▶ [What is being asked]: Omit every picture, and retype the lines that run from the beginning of the data below through the line containing "In this video, we", inclusive.

▶ [Data under study]:
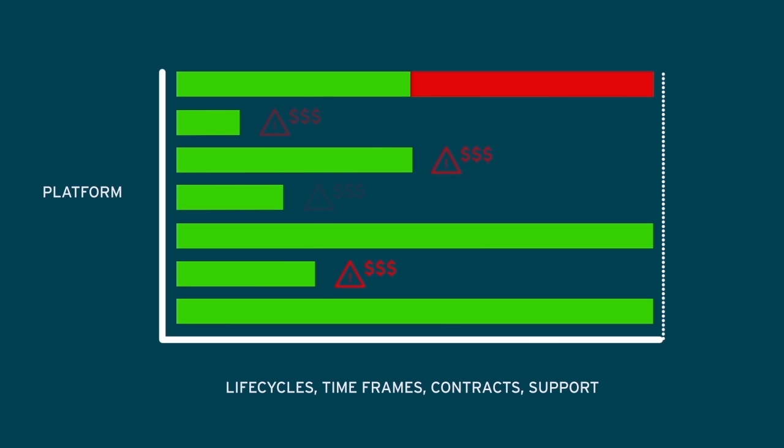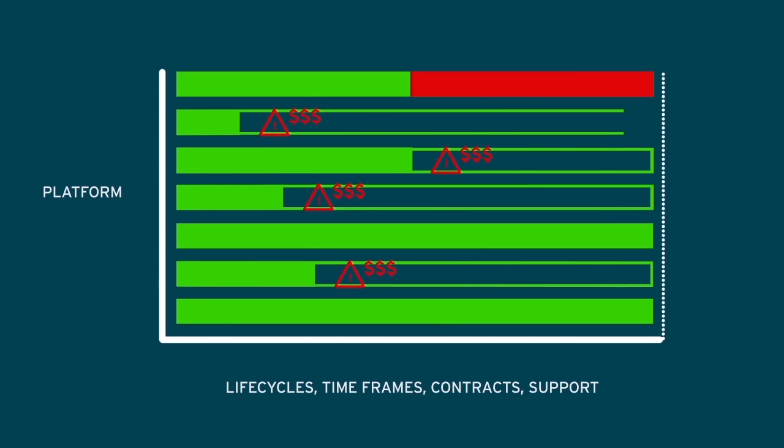But what if you could strengthen your IT foundations to ensure stability, security, and reliability? What if you could smoothly transition to a stable, standardized environment?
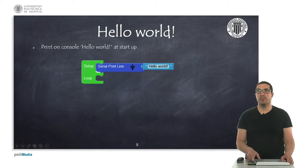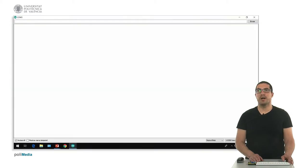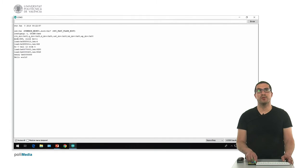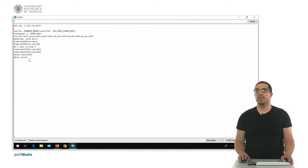I have already uploaded the code on the board, so if I open the Arduino console and press the reset button, we will see a bunch of characters printed by default by the ESP processor, but at the end, once it has started, we see the expression hello world.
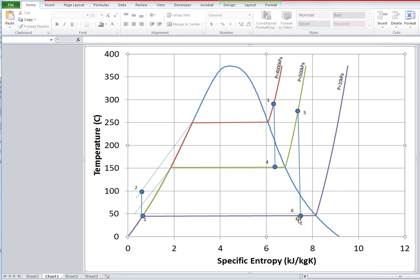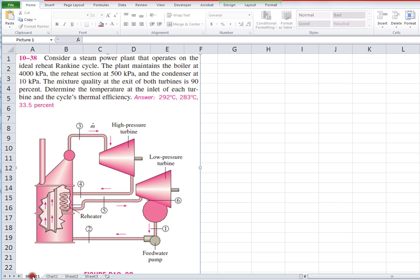From state 6, condensation brings us back to state 1, which closes the cycle fairly well.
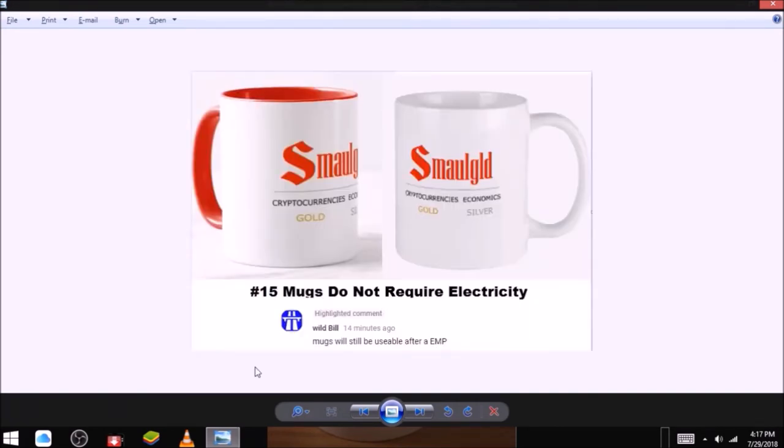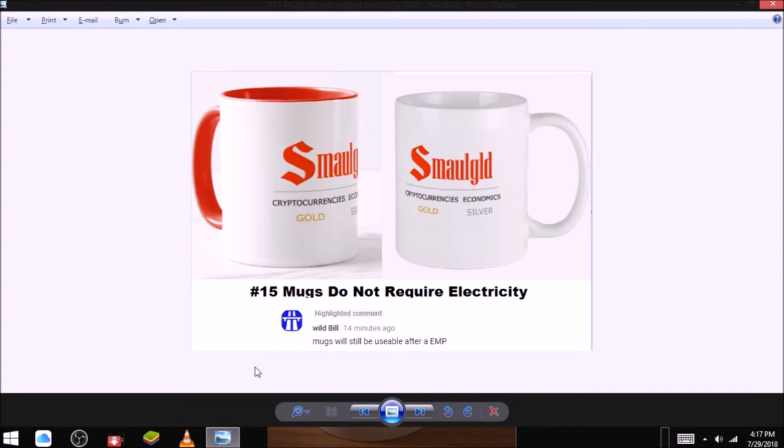Reasons to buy and hoard mugs. Number fifteen, mugs do not require electricity. As small gold subscriber Wild Bill points out, mugs will still be usable after an EMP. Mugs do not require electricity. Here is a picture of a small gold mug and another small gold mug. They will look the same before and after an EMP and never require electricity. Buy a small gold mug today.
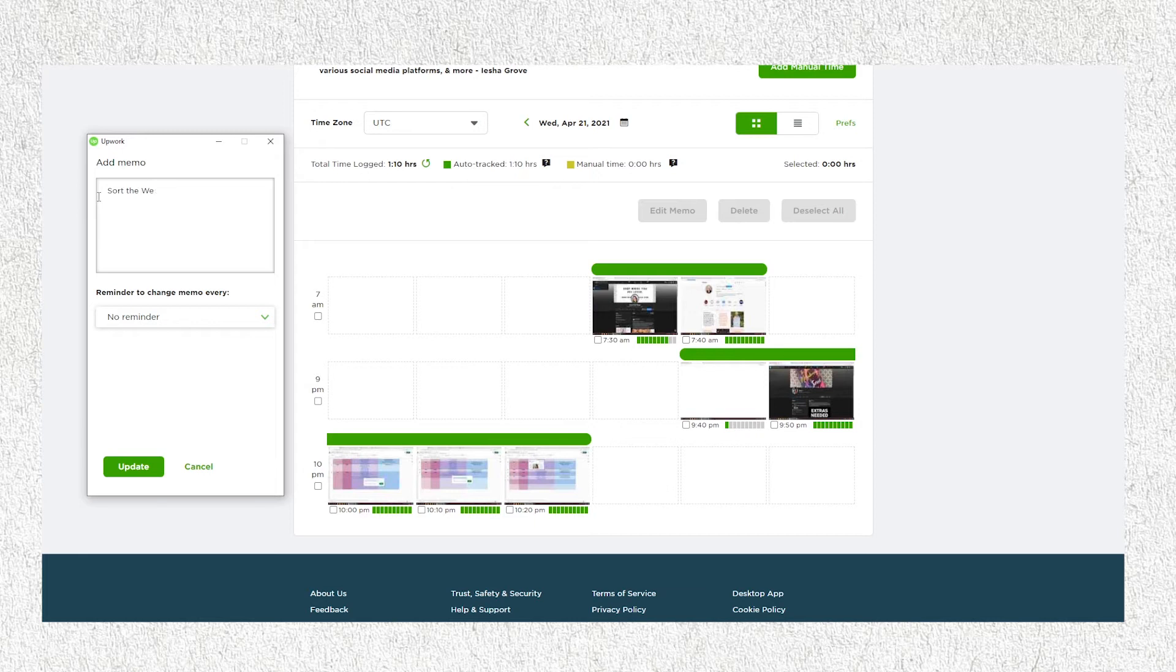But let's just say, sort everything in the spreadsheet, reminder, things like that.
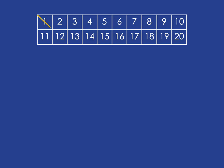We already know one isn't prime. Two is a prime number because its only factors are one and two. Any other number that has two as a factor won't be prime, so we can cross out all the multiples of two. Any even number can't possibly be prime because it has two as a factor.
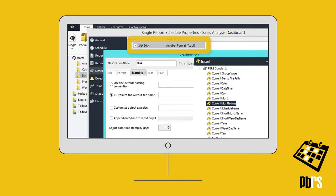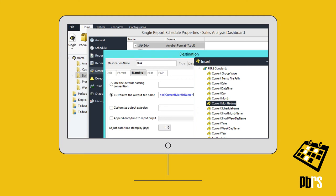Here we're sending a dashboard to DISC and renaming it using a dynamic field — the current month.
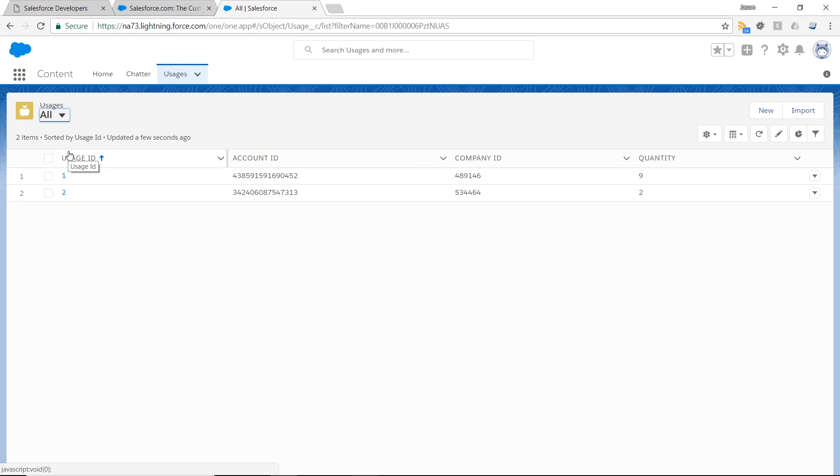And there you have it. We were able to create a custom object inside Salesforce to map our usage data. And then from Mule, we created a flow which loaded a CSV file, processed it through a batch process, and sent each record individually into Salesforce.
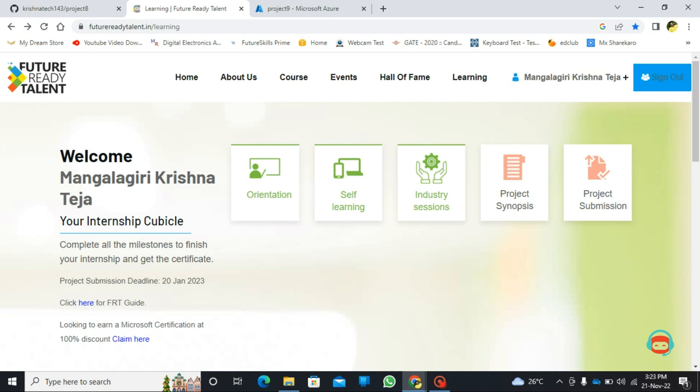I completed my self-learning, individual session, and project. In my self-learning, I was learning new technologies on Microsoft Azure.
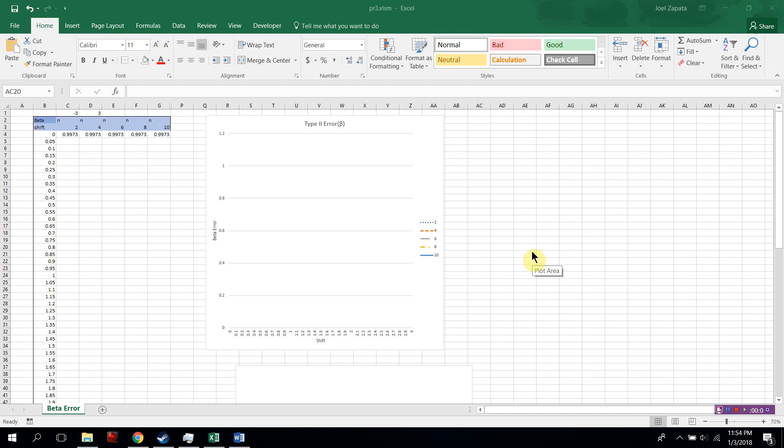In this video, we will learn how to generate type 2 beta error graphs in relation to control charts.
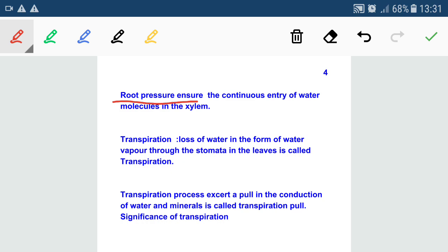Now let's see transpiration and transpiration pull. The loss of water in the form of water vapor through the stomata in the leaf is called transpiration. Transpiration exerts a pull in the conduction of water and minerals, called transpiration pull. If water continuously leaves the aerial parts of the plant body through stomata, it creates a low pressure, and due to this, movement of water molecules takes place from high pressure to low pressure. Transpiration pull is a pulling force for the conduction of water and minerals.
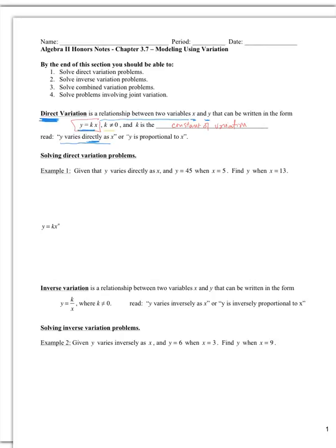Look at the first example. It says y varies directly as x. The key is to see how y varies, then write the corresponding equation. We substitute in the given values for x and y to find the constant of variation k. We're given y equals 45 and x equals 5. This is just a linear equation we solve for k — we divide both sides by 5, and we get k equals 9.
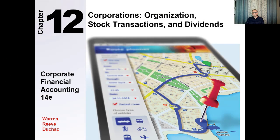Hello everyone and welcome to Financial Accounting. In today's video I'm going to be covering Chapter 12, which goes over Corporations. We'll be talking about the organization of corporations, the stock transactions, and dividends.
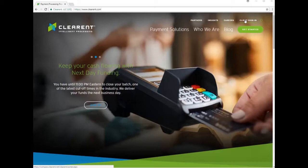This video is going to give you a quick tutorial on the steps needed to complete your annual security compliance process with Clearant, the credit card processing bank.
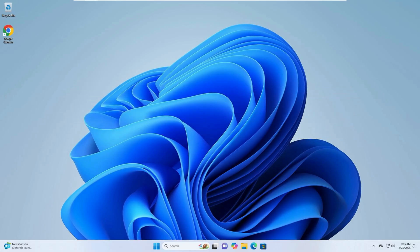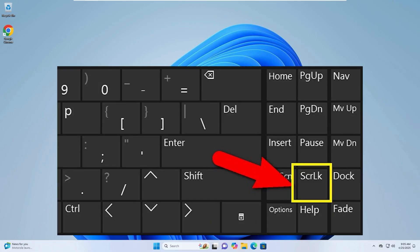Step 1. Check the scroll lock key. Look at your keyboard for a key labeled scroll lock, sometimes written as scroll LK or SRLK.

▶ [Exercise result]:
But what if you could strengthen your IT foundations to ensure stability, security, and reliability? What if you could smoothly transition to a stable, standardized environment?
I have already uploaded the code on the board, so if I open the Arduino console and press the reset button, we will see a bunch of characters printed by default by the ESP processor, but at the end, once it has started, we see the expression hello world.
From state 6, condensation brings us back to state 1, which closes the cycle fairly well.
Reasons to buy and hoard mugs. Number fifteen, mugs do not require electricity. As small gold subscriber Wild Bill points out, mugs will still be usable after an EMP. Mugs do not require electricity. Here is a picture of a small gold mug and another small gold mug. They will look the same before and after an EMP and never require electricity. Buy a small gold mug today.
But let's just say, sort everything in the spreadsheet, reminder, things like that.
We already know one isn't prime. Two is a prime number because its only factors are one and two. Any other number that has two as a factor won't be prime, so we can cross out all the multiples of two. Any even number can't possibly be prime because it has two as a factor.
Here we're sending a dashboard to DISC and renaming it using a dynamic field — the current month.
And there you have it. We were able to create a custom object inside Salesforce to map our usage data. And then from Mule, we created a flow which loaded a CSV file, processed it through a batch process, and sent each record individually into Salesforce.
I completed my self-learning, individual session, and project. In my self-learning, I was learning new technologies on Microsoft Azure.
In this video, we will learn how to generate type 2 beta error graphs in relation to control charts.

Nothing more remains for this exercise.